Risky derivatives trading at overseas subsidiaries of firms like insurer American International Group (AIG.N) severely damaged the U.S. financial system during the 2007-2009 financial crisis and led to multibillion-dollar taxpayer bailouts. It has also prompted some U.S. regulators and lawmakers to push for a swaps regime with broad overseas application.
“We’ve seen time and again that U.S. overseas branches, overseas affiliates guaranteed by a U.S. entity, and overseas affiliates acting as conduits for U.S. entities, bring risk crashing back onto U.S. shores,” Gensler said.
Gensler and SEC Chairman Mary Schapiro are scheduled to testify on Tuesday before the Senate Banking Committee.
Lawmakers are expected to press the two regulators about JPMorgan’s losses and whether any laws or rules may have been broken.
In his speech, Gensler also criticized a bill offered by Connecticut Democratic Representative Jim Himes, which is supported by Republicans, that would limit the scope of Dodd-Frank swaps rules by excluding from many U.S. regulations the swaps transactions between overseas branches of U.S. banks and offshore entities.
“It would substantially reduce transparency and increase risk to our financial system and the economy,” Gensler said.
A House Agriculture Committee vote on the bill was canceled last week after JPMorgan’s disclosure of its losses led to renewed calls for tougher financial reform.
Gensler voiced concerns about the so-called Volcker rule -- which restricts bank trading activities -- and was also mandated by Dodd-Frank. It has received added scrutiny since the JPMorgan losses came to light.
The issue is how narrowly regulators should draw an exemption for trades meant to hedge risk. Questions have been raised as to whether JPMorgan’s trades would have been allowed under a proposed Volcker rule released in October.

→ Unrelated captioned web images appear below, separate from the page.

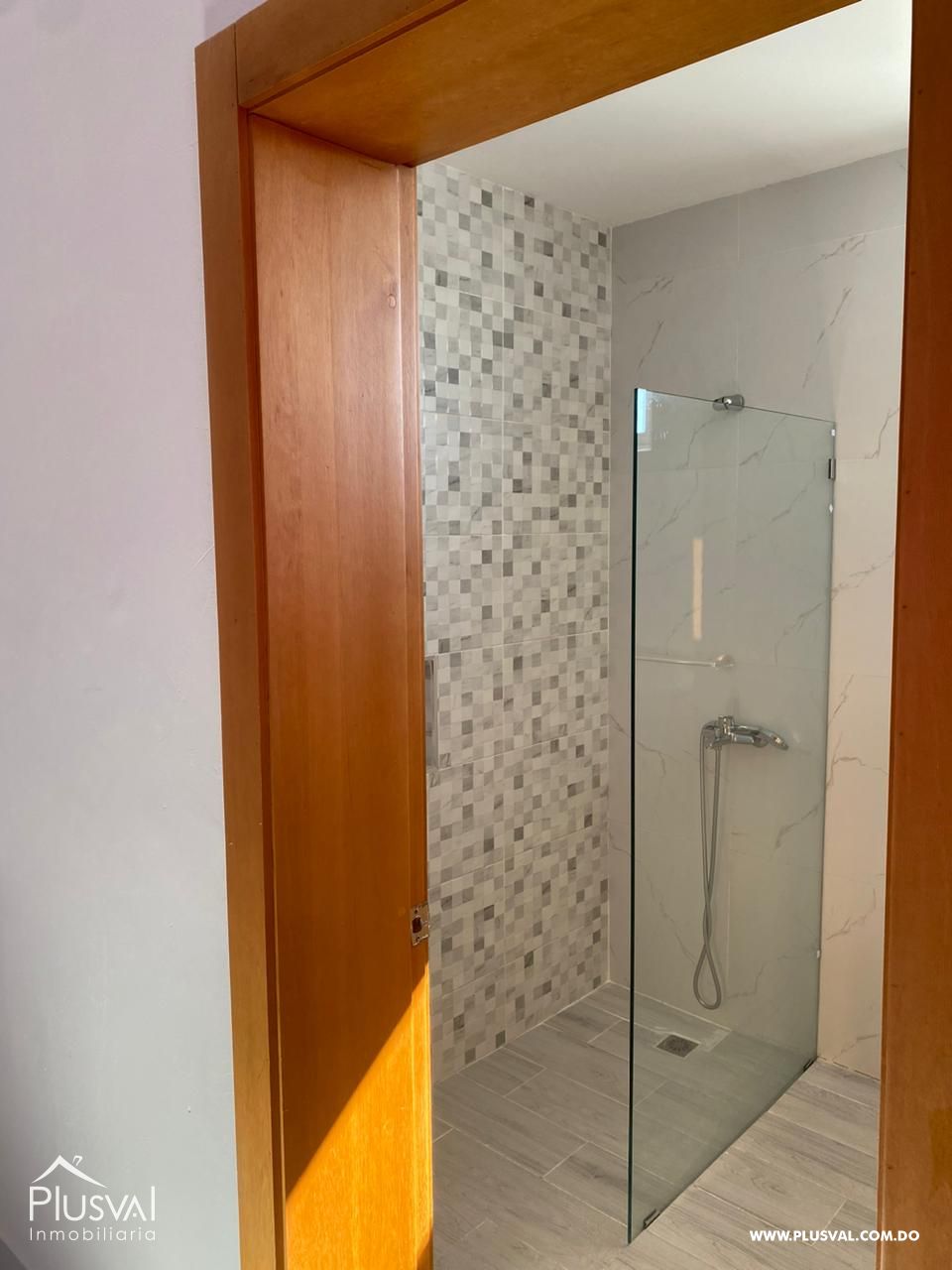 Casa Moderna de Dos Niveles en Complejo Cerrado con Diseño Funcional y Patio 483957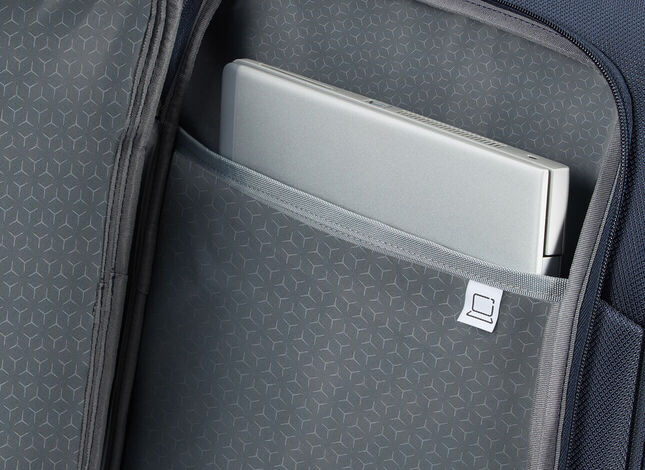 Tasca frontale con comparto per laptop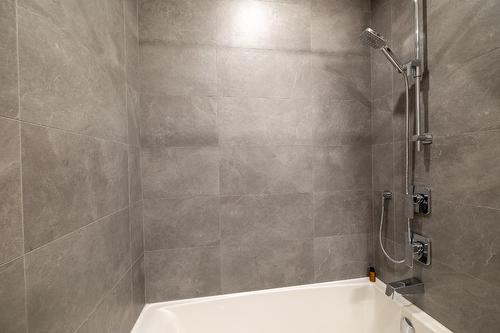 864 Antler Ridge Road, Windermere, BC - Indoor Photo Showing Bathroom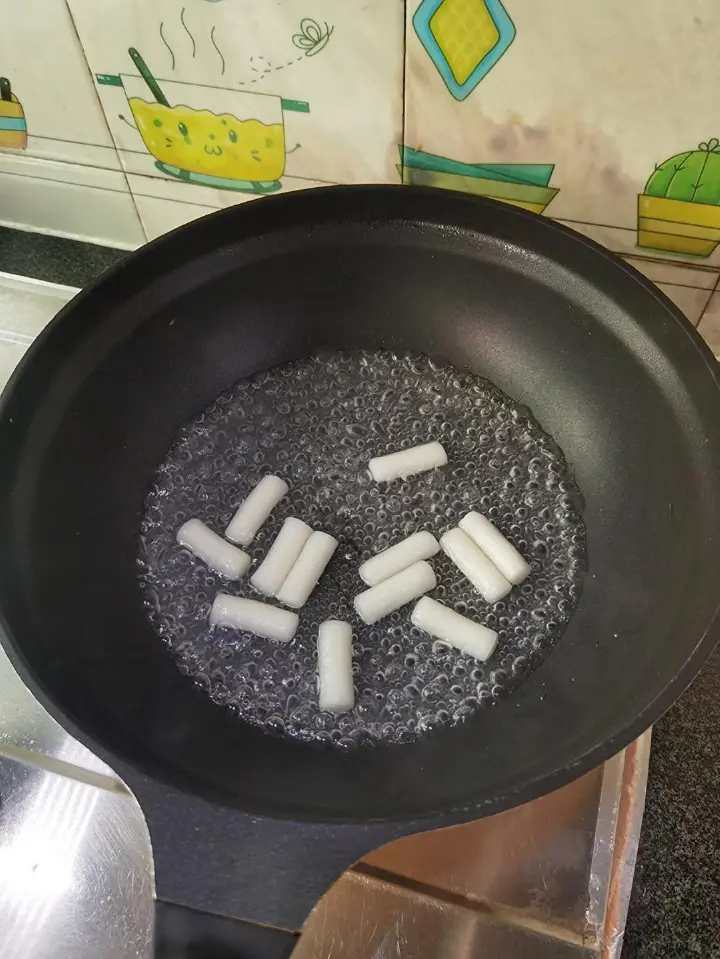 甜辣酱炒年糕虾仁 第 4 步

Gensler said he shared the concerns of Senator Carl Levin and other critics of that proposal who say the hedging exemption is too broad.
“The challenge when somebody uses a word like ‘portfolio hedging’ is that it can mutate and morph into so many things beyond hedging specific positions,” Gensler told reporters.
The CFTC along with Fed Chairman Ben Bernanke, Treasury Secretary Timothy Geithner and other major financial supervisors are expected to discuss JPMorgan and the failure of its risk management when they meet on Tuesday, said a senior Obama administration official, who spoke on condition of anonymity.
Regulators will discuss how this example “will enable the Volcker rule-writers to make sure they come out with a Volcker rule that is strong, and make sure that proprietary trading by these banks does not happen,” the official said.
On Monday, Gensler also outlined key elements of guidance the agency plans to release shortly that will shed light on how the Dodd-Frank swaps rule will apply to overseas transactions.
For example, Gensler said that transactions between a foreign entity and either an overseas branch or a guaranteed affiliate of a U.S. company will face U.S. regulation.
He said capital, risk management and record-keeping rules will apply to all major swaps players.